Research writing: Quote or quotation?
Don’t quote me on this one…
Researchers commonly misuse the word ‘quote’ when they should use ‘quotation’. This mistake is so common that the two words are often considered to be synonymous.
Quote is a verb – a doing word. You quote someone when you take something they have said or written and reproduce that thing verbally or in writing.
The common mistake that research writers make is to reproduce the content sourced from someone else and refer to it as a quote. In a research report this might look something like “the following quote suggests…”.
The reproduced text is in fact a quotation. The word quotation is a noun – a thing.

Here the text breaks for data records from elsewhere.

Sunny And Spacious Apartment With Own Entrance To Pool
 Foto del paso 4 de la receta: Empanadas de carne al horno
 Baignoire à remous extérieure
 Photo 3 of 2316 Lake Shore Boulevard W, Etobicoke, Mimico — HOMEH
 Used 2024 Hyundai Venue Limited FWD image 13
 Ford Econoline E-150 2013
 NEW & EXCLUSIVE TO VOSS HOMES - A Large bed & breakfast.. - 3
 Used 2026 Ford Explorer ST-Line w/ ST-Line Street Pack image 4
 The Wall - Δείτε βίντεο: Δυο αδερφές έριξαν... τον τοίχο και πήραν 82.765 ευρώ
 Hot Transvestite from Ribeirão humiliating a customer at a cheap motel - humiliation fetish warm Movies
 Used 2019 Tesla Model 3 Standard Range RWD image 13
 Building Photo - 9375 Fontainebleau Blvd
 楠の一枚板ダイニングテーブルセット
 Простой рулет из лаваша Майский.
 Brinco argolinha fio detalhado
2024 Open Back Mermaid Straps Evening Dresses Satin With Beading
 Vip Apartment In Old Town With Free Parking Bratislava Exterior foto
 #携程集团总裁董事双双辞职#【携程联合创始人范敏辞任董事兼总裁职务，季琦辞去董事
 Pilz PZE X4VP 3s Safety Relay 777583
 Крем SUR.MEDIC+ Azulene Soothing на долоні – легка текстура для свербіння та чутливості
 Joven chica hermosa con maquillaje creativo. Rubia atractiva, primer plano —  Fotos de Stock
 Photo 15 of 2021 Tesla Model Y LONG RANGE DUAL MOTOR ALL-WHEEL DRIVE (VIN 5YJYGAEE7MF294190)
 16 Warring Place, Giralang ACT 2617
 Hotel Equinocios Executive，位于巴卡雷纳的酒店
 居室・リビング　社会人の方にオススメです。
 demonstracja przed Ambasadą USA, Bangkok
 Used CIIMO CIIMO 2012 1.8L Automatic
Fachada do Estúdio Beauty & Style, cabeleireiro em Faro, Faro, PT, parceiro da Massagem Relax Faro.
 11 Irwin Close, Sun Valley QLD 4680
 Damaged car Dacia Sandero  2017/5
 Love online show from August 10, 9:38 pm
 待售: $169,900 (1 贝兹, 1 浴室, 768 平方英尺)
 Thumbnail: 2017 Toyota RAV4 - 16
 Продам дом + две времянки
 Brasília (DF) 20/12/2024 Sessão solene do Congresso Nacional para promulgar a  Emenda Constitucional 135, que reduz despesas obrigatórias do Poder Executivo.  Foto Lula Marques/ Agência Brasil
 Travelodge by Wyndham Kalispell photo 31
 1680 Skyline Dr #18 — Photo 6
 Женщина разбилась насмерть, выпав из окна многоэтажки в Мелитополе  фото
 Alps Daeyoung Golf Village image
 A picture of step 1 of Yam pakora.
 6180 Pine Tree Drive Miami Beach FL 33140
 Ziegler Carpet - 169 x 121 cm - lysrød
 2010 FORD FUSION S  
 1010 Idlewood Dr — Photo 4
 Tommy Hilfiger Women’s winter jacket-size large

For example of correct usage, in a recent article about Building resilience in children and young people, I quoted a study by Moss and colleagues. The quotation I used was:
Effective wellbeing interventions often included digital components, which promoted “anonymity, accessibility, prompt feedback, cost-effectiveness, high treatment fidelity, and applicability to real-life contexts” (Moss et al., 2023, p NA)
Another research example of similar words may further illustrate my point here.
When we create a written document that captures something someone has said verbatim, we have transcribed their words. The verb here is transcribe. The written version of the content is called the transcription. The equivalent mistake here would be emailing the transcription document to a collaborator and saying “attached is the transcribe of the interview”.